The Book of Never, winner of a 2024 American Academy of Arts and Letters Award, is a choral exhortation based on the ancient Novgorod Codex – a wooden book of psalms from 999 A.D. owned by a monk who was sent as a missionary from Kyiv to the city of Novgorod (later annexed by Russia in 1478) and subsequently excommunicated for combining Pagan ritual with Orthodox Christianity. To save his culture, he poured layer after layer of wax over the book on which to write his liturgy, his alphabet, searing retaliations, and visions of the apocalypse.
Helgeson weaves the Novgorod Codex with fragments of text by twentieth century writers in various states of exile including Gertrude Stein, Oscar Wilde, Pablo Neruda, Angela Davis, Thanhha Lai, and The Rolling Stones. These are juxtaposed with ancient hymns stripped of their words and placed inside simulations of infinitely-large imaginary cathedrals, their endless reverberations transcribed by the composer into massive choral harmonies, creating a work that is both timeful and timeless in its urgent cries across ages and continents…far from home.
The program pairs The Book of Never with portions of Gavin Bryars’ new work The Last Days of Immanuel Kant that sets excerpts from Thomas De Quincey’s entertaining, sorrowful, and often humorous essay on the 18th-century German philosopher.
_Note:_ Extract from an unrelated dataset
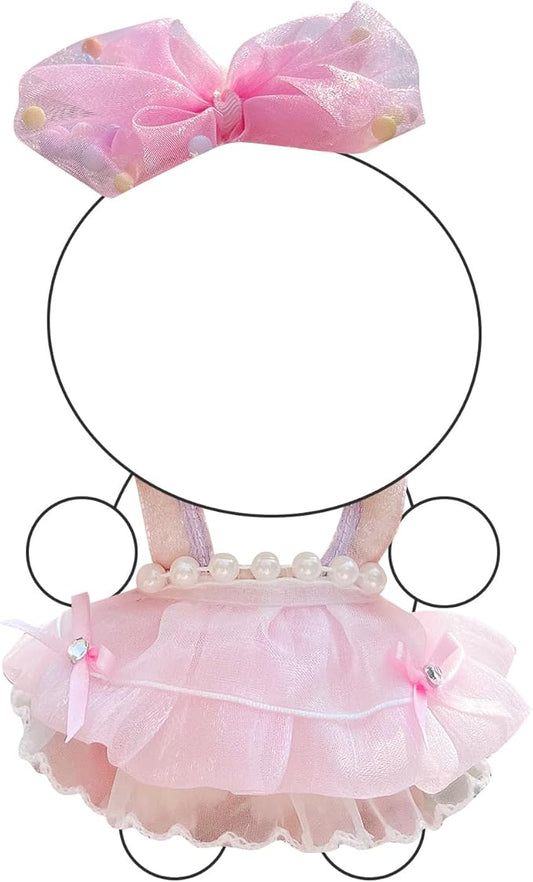 Doll Clothes – Girly Dreamy Outfit for 17cm LBB, Featuring a Layered Pink Tulle Dress with Pearl Details and a Bow Headpiece – Doll Not Included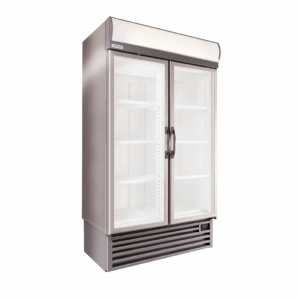 Staycold - HD1140F-S Double Glass Door Freezer with S/Steel Sides & Grey Trim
The father of transcendental idealism, Kant spent his final days writing on the metaphysics of space and time in his birthplace of Königsberg, known now as Kaliningrad after being taken by Russia after World War II.
In 2024, Kaliningrad’s governor Anton Alikhanov dubiously blamed Kant’s support of representational democracy for Russia’s current war against Ukraine, saying that “Kant has an almost direct relationship to the global chaos that we are facing now” and that his “godlessness and lack of higher values” led to the “sociocultural situation” of Western democracy that post-soviet Ukraine was founded on.